**What to work on:** Going through the material below, output exactly the lines from the one containing "私にとっての20世紀(上)" through the one containing "BanG Dream! Episode", and no pictures.

**The input:**
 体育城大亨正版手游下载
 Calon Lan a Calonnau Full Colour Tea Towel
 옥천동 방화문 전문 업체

==

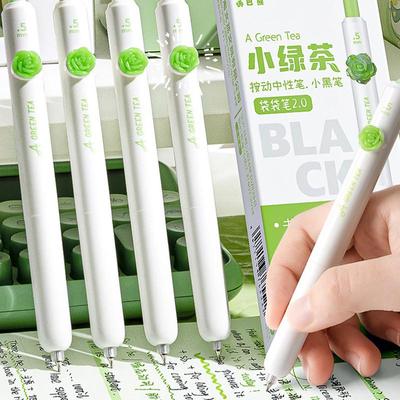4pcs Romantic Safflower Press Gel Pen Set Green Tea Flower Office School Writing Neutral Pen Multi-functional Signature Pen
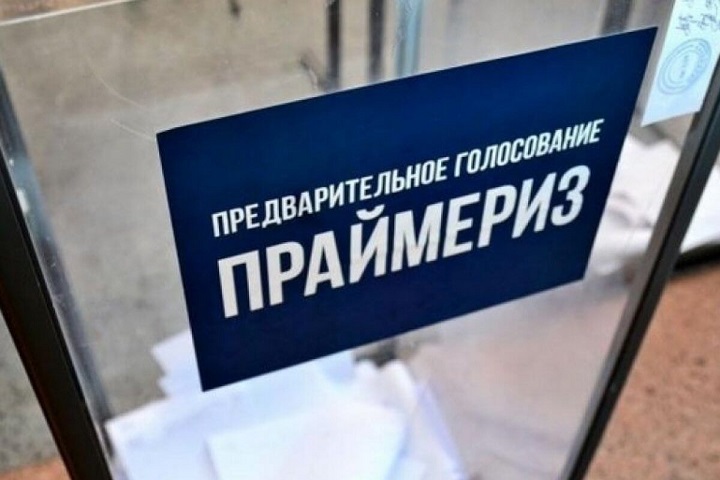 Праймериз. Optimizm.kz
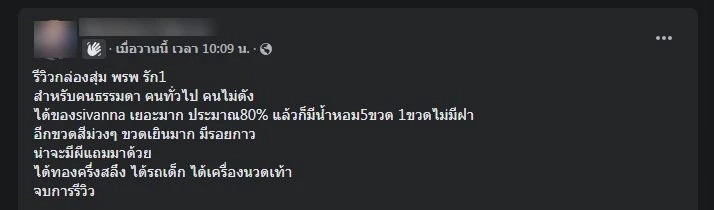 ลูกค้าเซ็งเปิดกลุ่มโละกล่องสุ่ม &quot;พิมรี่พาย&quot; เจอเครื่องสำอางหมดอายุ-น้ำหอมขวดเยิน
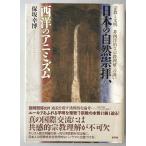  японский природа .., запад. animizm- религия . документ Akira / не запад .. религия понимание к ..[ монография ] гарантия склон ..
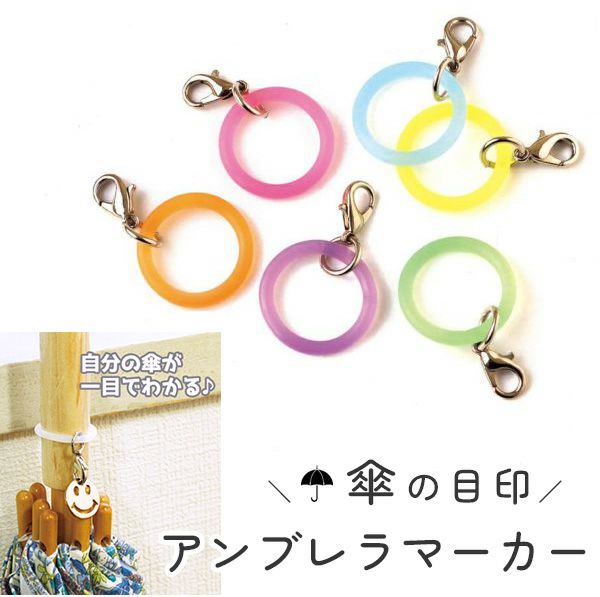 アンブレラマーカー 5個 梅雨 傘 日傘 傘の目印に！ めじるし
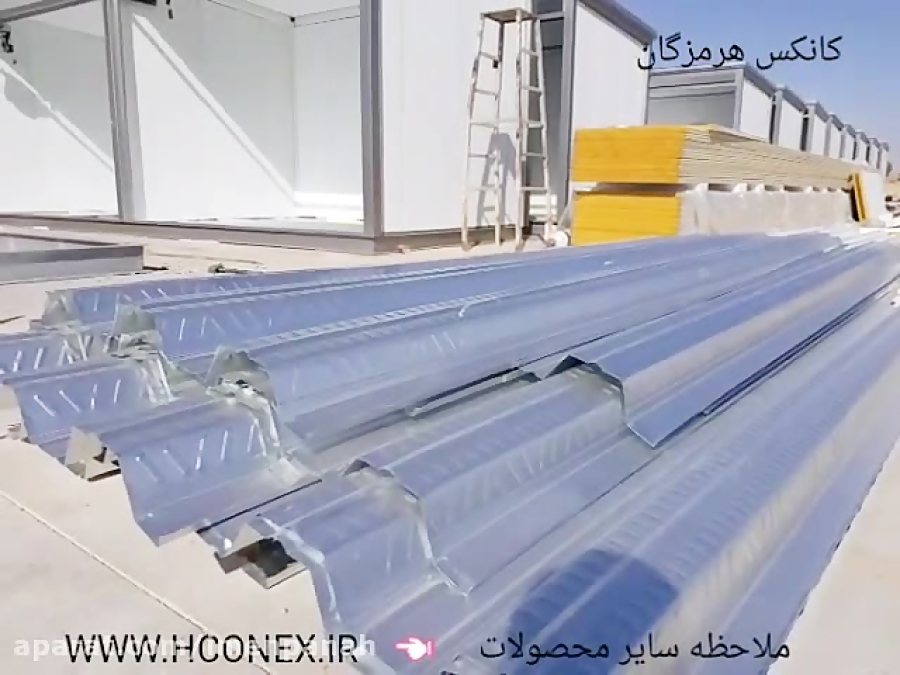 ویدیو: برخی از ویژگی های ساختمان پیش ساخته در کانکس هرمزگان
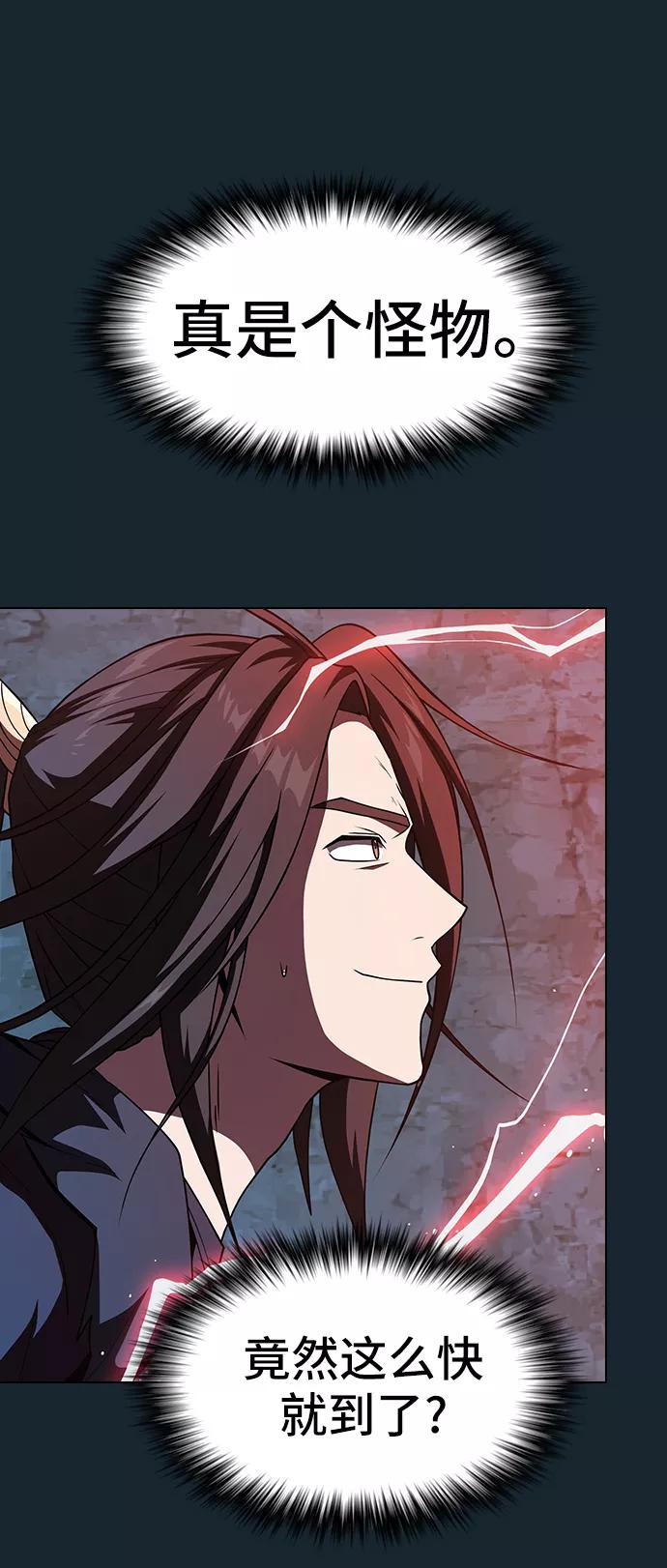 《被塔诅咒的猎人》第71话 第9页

...

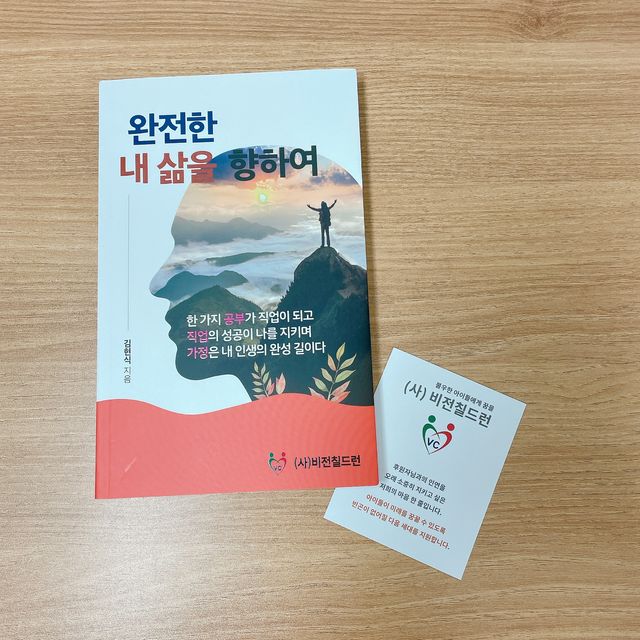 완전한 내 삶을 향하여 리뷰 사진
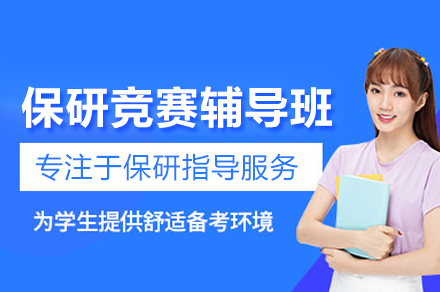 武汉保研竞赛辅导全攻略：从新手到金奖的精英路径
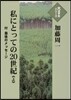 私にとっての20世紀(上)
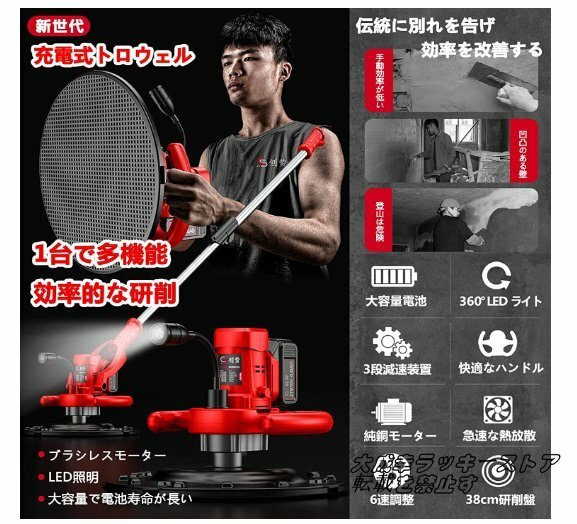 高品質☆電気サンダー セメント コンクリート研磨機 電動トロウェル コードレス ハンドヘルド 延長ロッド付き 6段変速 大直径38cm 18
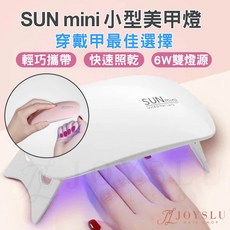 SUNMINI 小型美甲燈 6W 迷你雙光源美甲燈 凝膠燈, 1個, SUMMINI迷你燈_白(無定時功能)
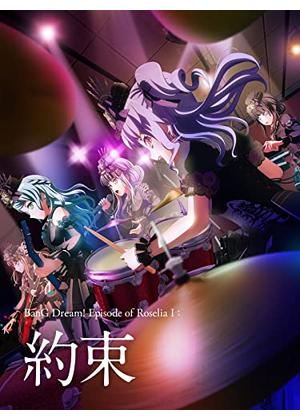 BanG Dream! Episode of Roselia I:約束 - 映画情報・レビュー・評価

**Solved exercise:**
 私にとっての20世紀(上)
 高品質☆電気サンダー セメント コンクリート研磨機 電動トロウェル コードレス ハンドヘルド 延長ロッド付き 6段変速 大直径38cm 18
 SUNMINI 小型美甲燈 6W 迷你雙光源美甲燈 凝膠燈, 1個, SUMMINI迷你燈_白(無定時功能)
 BanG Dream! Episode of Roselia I:約束 - 映画情報・レビュー・評価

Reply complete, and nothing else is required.